Trying to figure out to do it in Spark:
val x = sc.parallelize(Seq(("D", 1), ("C", 2), ("B", 3), ("A", 4))).toDF("k", "v")
.repartition(col("k")).cache()
val y = sc.parallelize(Seq(("F", 5), ("E", 6), ("D", 7), ("C", 8))).toDF("k", "v")
.repartition(col("k")).cache()
val xy = x.join(y, x.col("k") === y.col("k"), "outer")
x.show() y.show() xy.show()
+---+---+ +---+---+ +----+----+----+----+
| k| v| | k| v| | k| v| k| v|
+---+---+ +---+---+ +----+----+----+----+
| A| 6| | C| 12| | A| 4|null|null|
| B| 5| | D| 11| | B| 3|null|null|
| C| 4| | E| 10| | C| 2| C| 8|
| D| 3| | F| 9| | D| 1| D| 7|
| E| 2| | G| 8| |null|null| E| 6|
| F| 1| | H| 7| |null|null| F| 5|
+---+---+ +---+---+ +----+----+----+----+
So far so good.
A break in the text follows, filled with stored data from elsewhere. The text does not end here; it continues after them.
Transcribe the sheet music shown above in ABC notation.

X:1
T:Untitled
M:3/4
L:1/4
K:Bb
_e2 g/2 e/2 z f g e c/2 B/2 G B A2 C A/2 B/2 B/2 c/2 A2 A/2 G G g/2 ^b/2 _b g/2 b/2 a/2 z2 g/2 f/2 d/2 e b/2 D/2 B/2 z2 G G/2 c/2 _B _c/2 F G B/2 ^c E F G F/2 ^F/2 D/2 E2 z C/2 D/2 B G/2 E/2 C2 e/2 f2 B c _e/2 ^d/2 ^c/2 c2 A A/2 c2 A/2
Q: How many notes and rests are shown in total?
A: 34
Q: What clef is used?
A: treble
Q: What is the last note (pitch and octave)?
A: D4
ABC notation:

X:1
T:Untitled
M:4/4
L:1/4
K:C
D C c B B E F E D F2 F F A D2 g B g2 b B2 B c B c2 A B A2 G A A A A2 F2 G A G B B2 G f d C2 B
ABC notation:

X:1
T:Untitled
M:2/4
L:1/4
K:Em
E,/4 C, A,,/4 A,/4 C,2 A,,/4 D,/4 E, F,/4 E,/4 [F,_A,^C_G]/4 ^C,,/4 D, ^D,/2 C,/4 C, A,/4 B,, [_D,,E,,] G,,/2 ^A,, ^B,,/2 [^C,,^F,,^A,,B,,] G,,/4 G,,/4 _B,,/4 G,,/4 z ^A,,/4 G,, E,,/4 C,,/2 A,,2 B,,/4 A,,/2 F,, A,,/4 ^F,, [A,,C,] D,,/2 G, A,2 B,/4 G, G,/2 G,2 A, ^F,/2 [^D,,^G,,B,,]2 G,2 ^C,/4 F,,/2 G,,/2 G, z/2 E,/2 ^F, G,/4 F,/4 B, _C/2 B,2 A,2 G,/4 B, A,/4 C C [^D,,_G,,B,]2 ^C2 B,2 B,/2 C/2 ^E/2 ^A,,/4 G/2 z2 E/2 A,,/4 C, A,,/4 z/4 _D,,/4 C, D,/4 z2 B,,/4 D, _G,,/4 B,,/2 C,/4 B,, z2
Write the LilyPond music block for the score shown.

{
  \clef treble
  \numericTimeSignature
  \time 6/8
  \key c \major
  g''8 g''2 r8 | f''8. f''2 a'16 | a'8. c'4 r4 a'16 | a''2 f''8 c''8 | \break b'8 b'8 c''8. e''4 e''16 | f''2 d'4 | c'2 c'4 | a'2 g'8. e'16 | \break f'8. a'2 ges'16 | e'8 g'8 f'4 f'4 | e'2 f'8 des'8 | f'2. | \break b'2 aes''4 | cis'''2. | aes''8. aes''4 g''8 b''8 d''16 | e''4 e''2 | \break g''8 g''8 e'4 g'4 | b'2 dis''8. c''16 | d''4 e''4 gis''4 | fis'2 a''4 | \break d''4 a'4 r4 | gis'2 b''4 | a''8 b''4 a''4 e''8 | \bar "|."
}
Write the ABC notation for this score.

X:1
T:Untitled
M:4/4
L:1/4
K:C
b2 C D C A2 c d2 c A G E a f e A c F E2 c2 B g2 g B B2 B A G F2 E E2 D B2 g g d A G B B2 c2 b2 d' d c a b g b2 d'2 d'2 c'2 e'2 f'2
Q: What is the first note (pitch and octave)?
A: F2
But when I check execution plan I see "unnecessary" sorts:
xy.explain
== Physical Plan ==
SortMergeOuterJoin [k#1283], [k#1297], FullOuter, None
:- Sort [k#1283 ASC], false, 0
: +- InMemoryColumnarTableScan [k#1283,v#1284], InMemoryRelation [k#1283,v#1284], true, 10000, StorageLevel(true, true, false, true, 1), TungstenExchange hashpartitioning(k#1283,200), None, None
+- Sort [k#1297 ASC], false, 0
+- InMemoryColumnarTableScan [k#1297,v#1298], InMemoryRelation [k#1297,v#1298], true, 10000, StorageLevel(true, true, false, true, 1), TungstenExchange hashpartitioning(k#1297,200), None, None
Is it possible to avoid sorts here?
Edit
For the reference, Hadoop had this "feature" available since 2007: https://issues.apache.org/jira/browse/HADOOP-2085
Update
As Lezzar pointed out repartition() alone is not sufficient to achieve equi-partitioned sorted state. I think now it needs to be followed by sortWithinPartitions() So that should do the trick:
val x = sc.parallelize(Seq(("F", 1), ("E", 2), ("D", 3), ("C", 4), ("B", 5), ("A", 6))).toDF("k", "v")
.repartition(col("k")).sortWithinPartitions(col("k")).cache()
val y = sc.parallelize(Seq(("H", 7), ("G", 8), ("F", 9), ("E",10), ("D",11), ("C",12))).toDF("k", "v")
.repartition(col("k")).sortWithinPartitions(col("k")).cache()
xy.explain()
== Physical Plan ==
SortMergeOuterJoin [k#1055], [k#1069], FullOuter, None
:- InMemoryColumnarTableScan [k#1055,v#1056], InMemoryRelation [k#1055,v#1056], true, 10000, StorageLevel(true, true, false, true, 1), Sort [k#1055 ASC], false, 0, None
+- InMemoryColumnarTableScan [k#1069,v#1070], InMemoryRelation [k#1069,v#1070], true, 10000, StorageLevel(true, true, false, true, 1), Sort [k#1069 ASC], false, 0, None
No sorting anymore!